An action could be defined as: “Action is the most elementary human -surrounding interaction with a meaning” [19, p.2]. Action recognition typically aims to discover a class of short, segmented, atomic actions. Due to their multifaceted nature, some of these approaches refer to action recognition as plan recognition, goal recognition, intent recognition, behavior recognition, location estimation, event recognition and interaction recognition, as evident in Shaikh and Chai [51], Vandersmissen et al [63], Slade et al [54] and Jing et al [21], respectively. Human Action Recognition (HAR) is the process of labeling actions performed by humans within a given sequence of images, where it becomes the classification of goals of human agents in a series of image frames.

It is observable that many objects in our daily life operate concurrently to give meaning to an activity. This interaction relies on quantifiable, yet multimodal signals. Accordingly, joint learning of these multimodal quantities may result in better feature representation for any downstream analysis. Multimodal understanding is a natural human ability. In the context of MHAR, the goal is to improve recognition performance by collecting critical features from distinct modalities. These candidate features are then combined using an optimal aggregation strategy, which contributes to the overall learning of an action category. From an early age, humans become used to applying different senses to acquire visual as well as acoustics information from their surroundings in order to understand an event. However, recent approaches have generally ignored the contribution of audio data in enhancing action recognition. Further, multimodal data fusion has benefits that can be applied across different fields Boehm et al [3].

Audio signals have significant properties that help with efficient recognition in videos, where audio contains dynamics and rich contextual temporal information Gaver [12]. Most importantly, audio has a much lighter computational complexity as compared to video frames. Across an entire video, audio can also be beneficial for selecting critical features that are useful for recognition. For example, the sound of a person talking at the start of a video can suggest that the actual action has not yet started, while the sound of an electric saw may indicate that the action is taking place. Figure 1 shows a scenario where audio features combined with video features yield a significant improvement in recognizing classes where audio features are the discriminating factor. In Fig. 1a, the sample instance was incorrectly classified as a “Boxing Speed Bag” with video-only features. However, with the fusion of audio-image and video features, the same instance was correctly recognized as “Boxing Punching Bag” due to distinct audio features (shown in Fig. 1b).

Video modality contains spatial information, which is inherently helpful for CNN-based classification architectures. To better capture multimodality aspects of action data, a recent trend has been to combine information from different modalities, such as optical flow, RGB-difference and warped-optical flow Wang et al [66]. For example, as shown in Fig. 1, within a short clip of action of ’Boxing a Punching Bag’, a single audio-image frame contains most of the dynamic contextual information contained in the audio, (i.e., the sound of a boxing glove hitting the bag), while the accompanying video clip contains useful cues of spatial dynamics.

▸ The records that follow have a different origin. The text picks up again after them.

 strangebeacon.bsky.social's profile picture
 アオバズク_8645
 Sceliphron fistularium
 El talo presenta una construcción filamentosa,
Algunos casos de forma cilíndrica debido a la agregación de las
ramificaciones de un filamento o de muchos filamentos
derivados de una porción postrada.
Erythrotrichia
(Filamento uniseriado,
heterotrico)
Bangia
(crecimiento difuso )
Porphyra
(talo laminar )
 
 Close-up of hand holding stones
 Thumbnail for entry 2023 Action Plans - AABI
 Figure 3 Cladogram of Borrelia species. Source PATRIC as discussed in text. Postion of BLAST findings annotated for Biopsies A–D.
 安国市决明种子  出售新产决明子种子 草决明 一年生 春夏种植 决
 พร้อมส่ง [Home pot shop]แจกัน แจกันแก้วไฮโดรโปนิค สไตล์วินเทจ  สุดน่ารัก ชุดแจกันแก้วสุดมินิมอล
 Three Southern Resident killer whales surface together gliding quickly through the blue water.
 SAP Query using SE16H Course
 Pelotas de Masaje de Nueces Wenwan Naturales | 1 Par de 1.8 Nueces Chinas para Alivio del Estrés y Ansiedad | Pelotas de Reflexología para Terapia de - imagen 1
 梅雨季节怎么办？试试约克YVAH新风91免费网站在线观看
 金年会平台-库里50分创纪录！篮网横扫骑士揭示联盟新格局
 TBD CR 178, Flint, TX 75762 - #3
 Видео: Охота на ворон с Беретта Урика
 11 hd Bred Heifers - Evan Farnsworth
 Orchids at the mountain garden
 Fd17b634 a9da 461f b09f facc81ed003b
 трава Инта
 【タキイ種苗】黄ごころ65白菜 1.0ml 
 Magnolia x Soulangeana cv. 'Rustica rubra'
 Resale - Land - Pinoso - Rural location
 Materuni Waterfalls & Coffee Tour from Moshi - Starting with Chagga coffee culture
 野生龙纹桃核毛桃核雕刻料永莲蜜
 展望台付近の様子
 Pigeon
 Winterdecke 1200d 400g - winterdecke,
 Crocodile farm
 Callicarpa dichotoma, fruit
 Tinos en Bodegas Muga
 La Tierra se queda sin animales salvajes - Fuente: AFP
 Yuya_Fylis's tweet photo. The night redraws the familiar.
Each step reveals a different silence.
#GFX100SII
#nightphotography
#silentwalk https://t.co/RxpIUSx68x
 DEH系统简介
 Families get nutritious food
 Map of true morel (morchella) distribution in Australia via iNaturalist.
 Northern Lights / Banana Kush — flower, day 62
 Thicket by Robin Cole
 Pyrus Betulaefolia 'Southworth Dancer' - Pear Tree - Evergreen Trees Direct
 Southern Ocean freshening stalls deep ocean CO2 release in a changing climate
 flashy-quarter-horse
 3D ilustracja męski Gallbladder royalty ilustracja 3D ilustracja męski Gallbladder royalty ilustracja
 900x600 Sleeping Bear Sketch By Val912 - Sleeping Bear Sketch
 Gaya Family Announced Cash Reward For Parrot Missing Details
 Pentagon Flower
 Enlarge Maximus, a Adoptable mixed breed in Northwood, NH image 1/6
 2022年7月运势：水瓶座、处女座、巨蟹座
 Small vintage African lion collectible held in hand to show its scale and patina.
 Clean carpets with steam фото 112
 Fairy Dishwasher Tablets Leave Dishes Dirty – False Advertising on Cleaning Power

Advanced computer vision technologies and artificial intelligence algorithms have been proposed to recognize human actions. Accordingly, Convolutional Neural Networks (CNNs) have been successful in image classification Paoletti et al [45], Seo and Shin [50], Wan et al [65], Sharma et al [53], digital recognition Baldominos et al [2], Tao et al [60], Kulkarni and Rajendran [27], object detection Jung et al [22], Deng et al [6] and many information retrieval domains. In action recognition research, CNN studies have predominantly used visual data, which is rich in spatial information. However, most of these works have not exploited the temporal and contextual information that lies in accompanying audio.

Fig. 1
figure 1

Illustration of an example a miss-classified unimodal (Video-only) compared to b correctly classified example with multimodal data (Audio-image+Video) using proposed MAiVAR framework

In this paper, we pose and seek to answer the following questions: (Q1) How well can CNN encode audio signals using image-based representations? (Q2) How does knowing information from one modality influences the model in learning the action efficiently? (Q3) How do we fuse information found in both modalities so that it improves model performance? While related questions may been studied in the literature, to the best of our knowledge, no study has been conducted to answer these collective questions as a whole. Hence, we propose the Multimodal Audio-Image and Video Action Recognizer (MAiVAR) framework, a CNN-based audio-image to video fusion-based technique that can be applied to video and audio features for classifying actions. Additionally, we propose an approach to extract meaningful image representations of audio, which can significantly improve classification scores when used with CNN-based models.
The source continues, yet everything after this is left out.